Picture: African News Agency – Eskom’s Medupi coal-fired power station.
By Trevor Ngwane and Patrick Bond
It is disappointing to hear that leading European Union (EU) countries are going back to using coal for power generation because of Russia’s war in Ukraine. John F Kennedy famously said a crisis provides danger and opportunity. This backsliding from the transition to renewable energy by some of the world’s biggest capitalist economies is undoubtedly dangerous in ecological terms.
The war in Ukraine is an inter-imperialist war and the sanctions imposed against Russia by the West have seen Vladimir Putin retaliating by using his control of the world’s gas supplies as a bargaining chip. He has reduced gas supplies to five EU countries including cutting 60 percent of Germany’s and 50 percent of Italy’s gas. Poland, Bulgaria, Denmark, Finland and Netherlands have been completely shut off because of their refusal to pay in Russian rubles as demanded by Putin.
Coming immediately after the Covid-19 crisis, the Ukraine war crisis has spearheaded an energy crisis and an inflation crisis in the global economy. This underlines the crisis-ridden nature of capitalism as a political and economic system. Plans put in place by EU countries to avert the pernicious ecological crisis are now being put into jeopardy with Germany, for example, ready to renege on its commitment to exit coal by 2030 because of the threat to its gas supplies. It is as if a kind of war psychosis has taken over with its Minister of Economic Affairs and Climate Action, Robert Habeck, of the Green Party, leading the slide back to fossil fuels on the grounds that Russia is using ‘energy as a weapon’ and ‘attacking us’.
For Habeck, there is ‘no choice’ but to restart Germany’s coal-fired plants and burn that dirty coal to keep the lights on and the machines humming.
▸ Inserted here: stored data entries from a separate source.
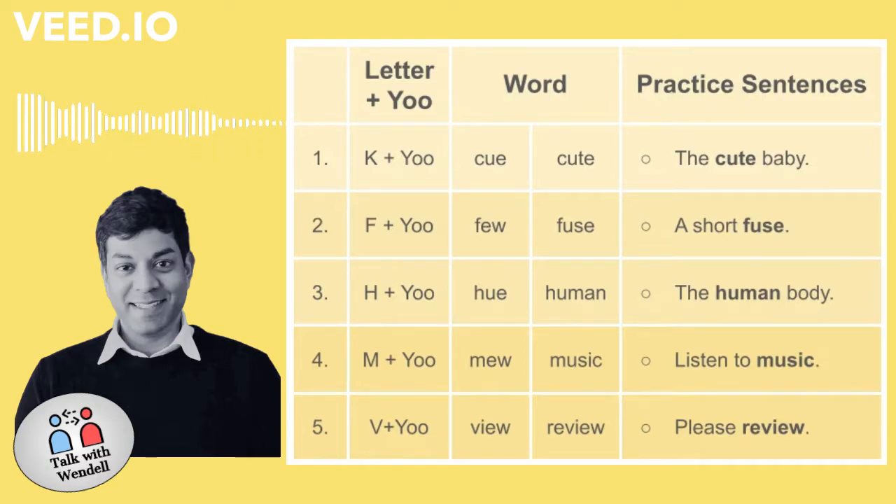Number one. K plus U. Q. Cute. The cute baby.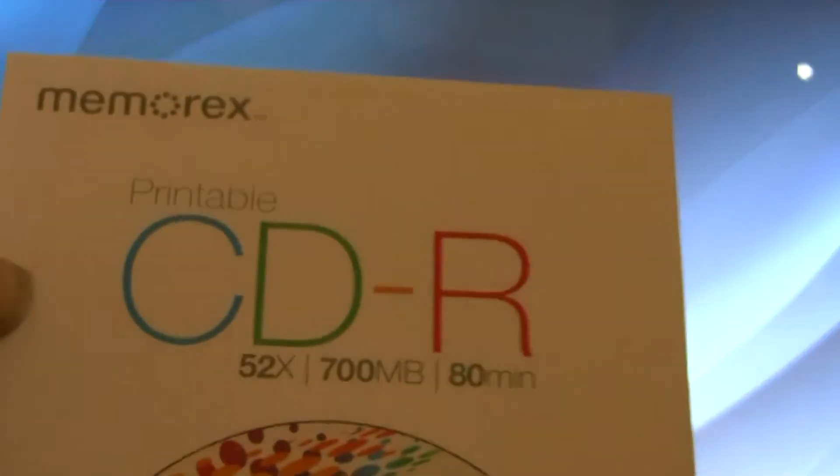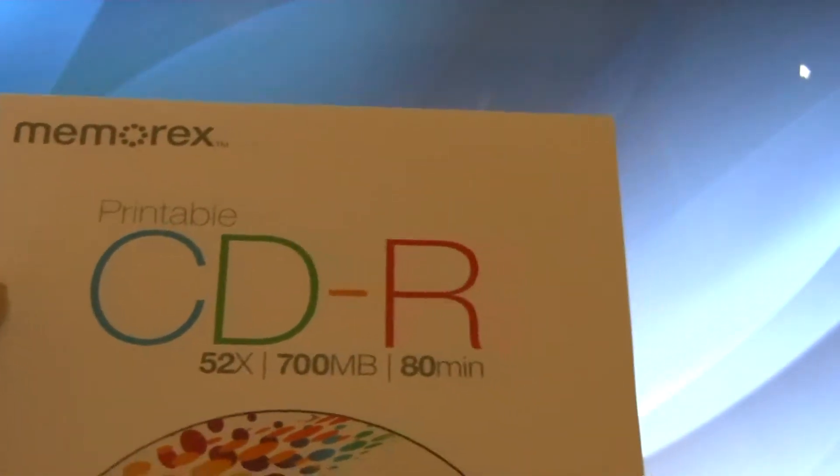Right now I'm going to unpackage it out of the sleeve that it came in, along with the instructions and the CDs. They also gave you a CD to try out the CD-printing technology, because this printer does printing on CDs. So there's the CD, which is kind of nice.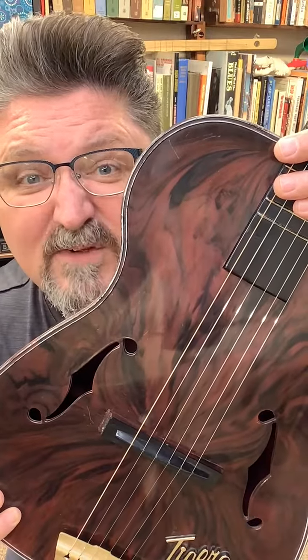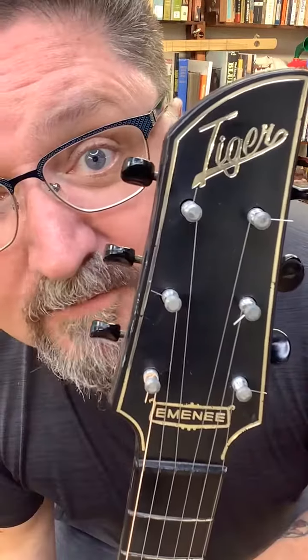You don't need an expensive guitar to make music. Just make music. By the way, I got this set at a yard sale for $15. Like and follow for more.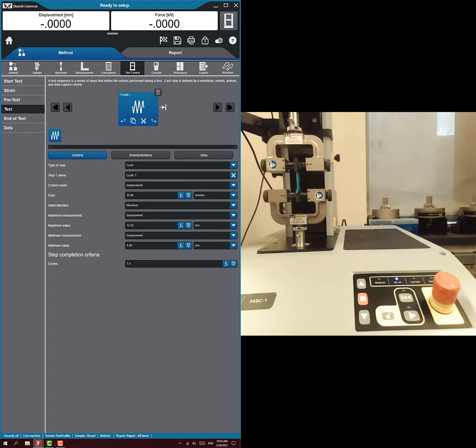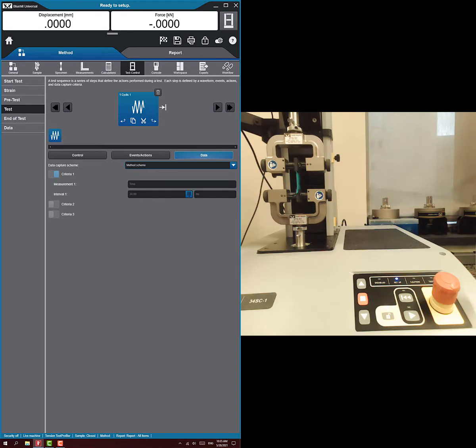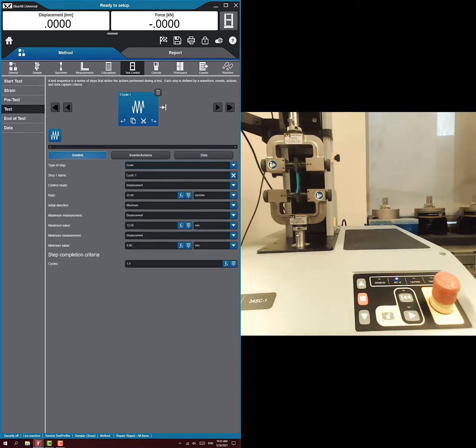There's not much else to mess with here — that's what we want to do, run one cycle. You can make really complex sequences and add more steps after this one, but that's all we need. We set one waveform to do hysteresis.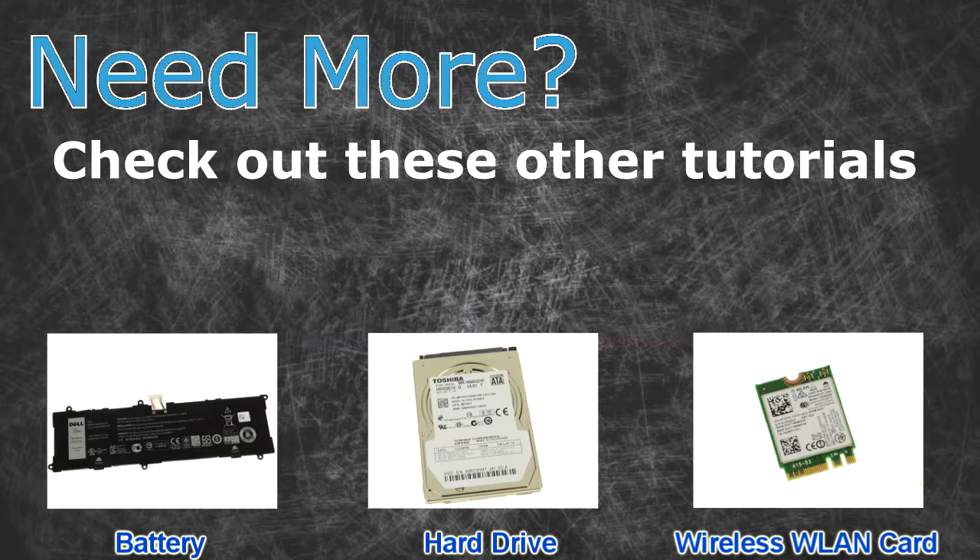Need more? Check out these other tutorials. For batteries, click here. For hard drives, click here. For wireless cards, click here.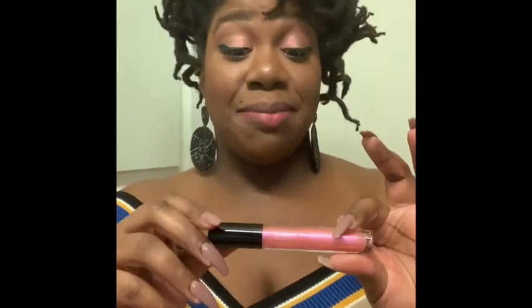And this is the last swatch — this is the pow color. Boom, bang, pow — this is the pow color, another Pat McGrath. Pale Fire Nectar. This is a gloss with glitter galore. I love this gloss — that's why it's the pow color.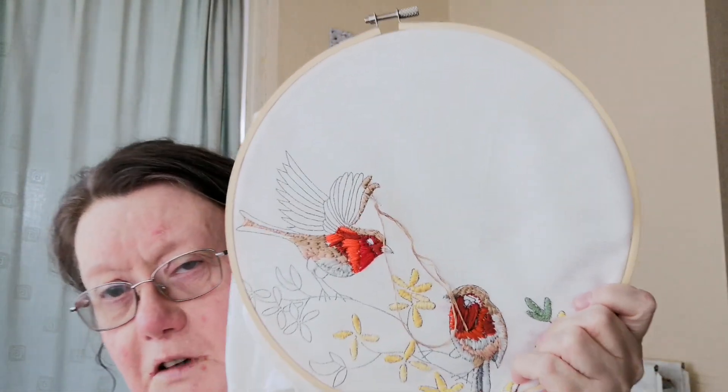Hi everyone. I'd like to show you my today's embroidery. This is going to be interesting because I found something I wasn't happy with, but I'll show you why you can use embroidery — you'll probably find it confusing, like how you do it.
As a member of the Green Party, he knows that doing so will undermine the EU plan to become climate neutral by 2050 and that the earth simply cannot absorb any further increases in the emission of greenhouse gasses. It can be argued that, instead of pushing countries to fossil fuels, the European gas crisis is an opportunity to ramp up production of renewables and thus speed up the transition to a carbon-free existence.
Indeed, in May 2022, the European Commission presented its ‘re-power EU plan’ which is based on reducing EU dependence on Russian gas supplies and accelerating the roll-out of renewable energy including diversification of energy supplies and energy savings. Putin was already, even before the war, worried about his own dependence on the EU market and had begun turning east increasing gas sales to China and India. However, in our assessment of these power plays we must not forget that gas, oil and coal are fossil fuels. Any diversification in supply or demand must not shift us from the absolute necessity of moving away from the use of dirty energy.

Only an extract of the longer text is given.